> **Data for this task**:
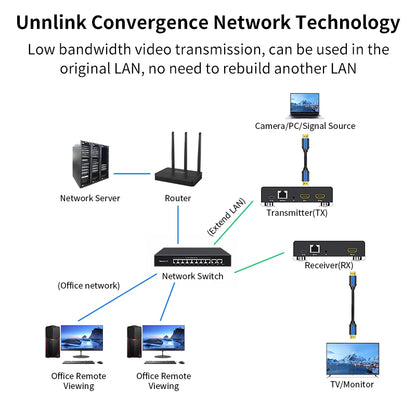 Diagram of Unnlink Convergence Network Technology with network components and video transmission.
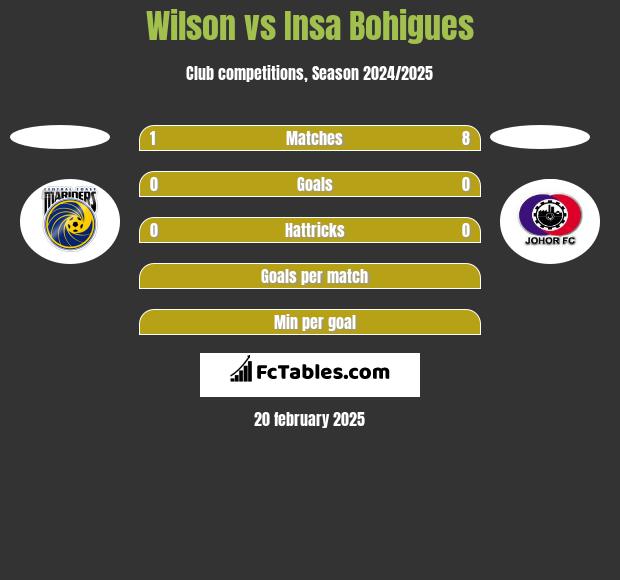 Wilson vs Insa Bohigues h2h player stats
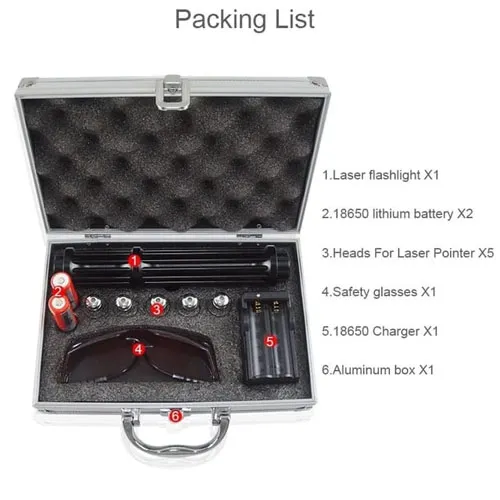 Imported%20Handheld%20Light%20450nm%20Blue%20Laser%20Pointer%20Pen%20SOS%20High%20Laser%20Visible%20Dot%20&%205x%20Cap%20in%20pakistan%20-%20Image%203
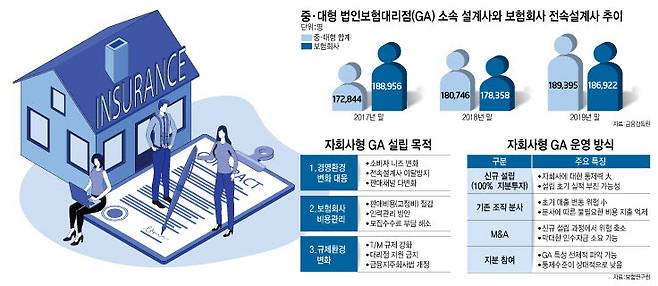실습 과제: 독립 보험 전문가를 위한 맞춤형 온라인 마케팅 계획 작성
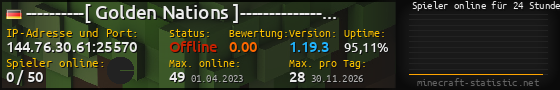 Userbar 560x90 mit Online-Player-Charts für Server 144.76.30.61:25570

* * *

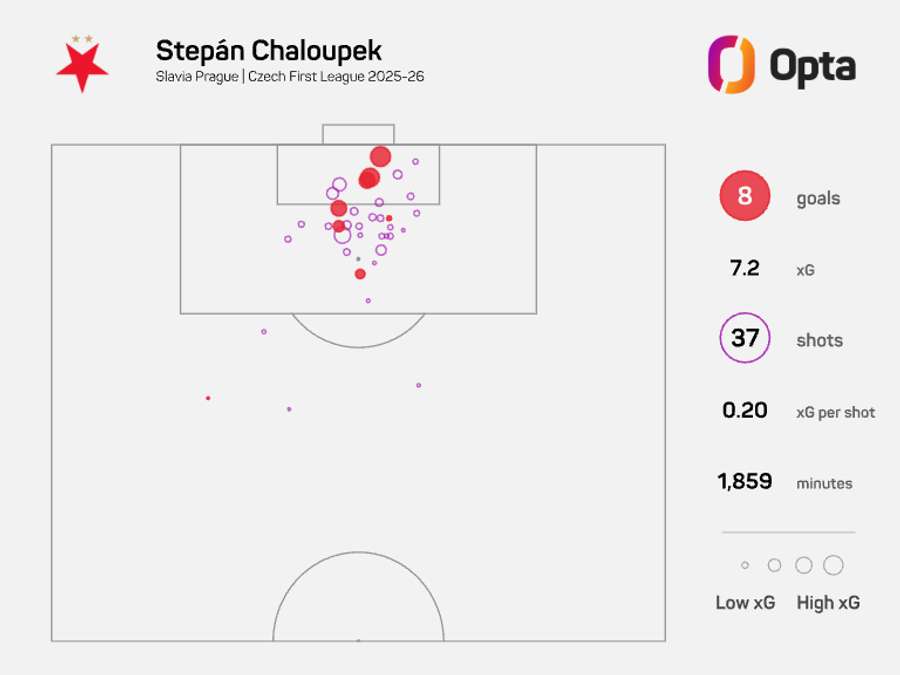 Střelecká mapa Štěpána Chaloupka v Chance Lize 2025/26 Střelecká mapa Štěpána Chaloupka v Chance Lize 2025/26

==

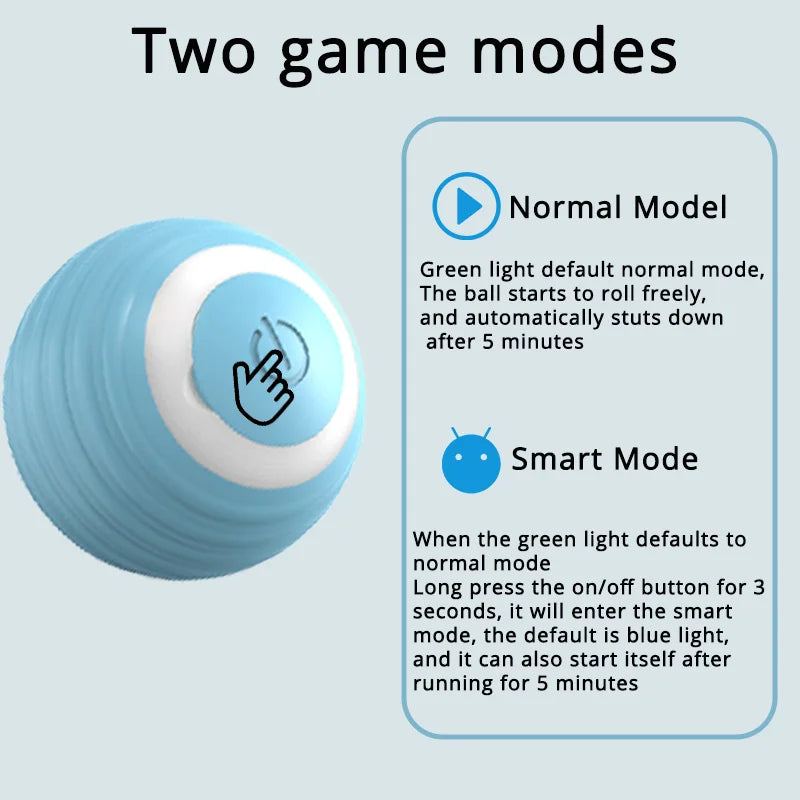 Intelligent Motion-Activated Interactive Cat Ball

> **Problem statement**:
Only the lines of the listing above from the one with "실습 과제: 독립 보험 전문가를 위한 맞춤형 온라인 마케팅 계획 작성" through the one with "Userbar 560x90 mit" should be output, exactly, with both ends kept and pictures left out.

> **Task output**:
실습 과제: 독립 보험 전문가를 위한 맞춤형 온라인 마케팅 계획 작성
 Userbar 560x90 mit Online-Player-Charts für Server 144.76.30.61:25570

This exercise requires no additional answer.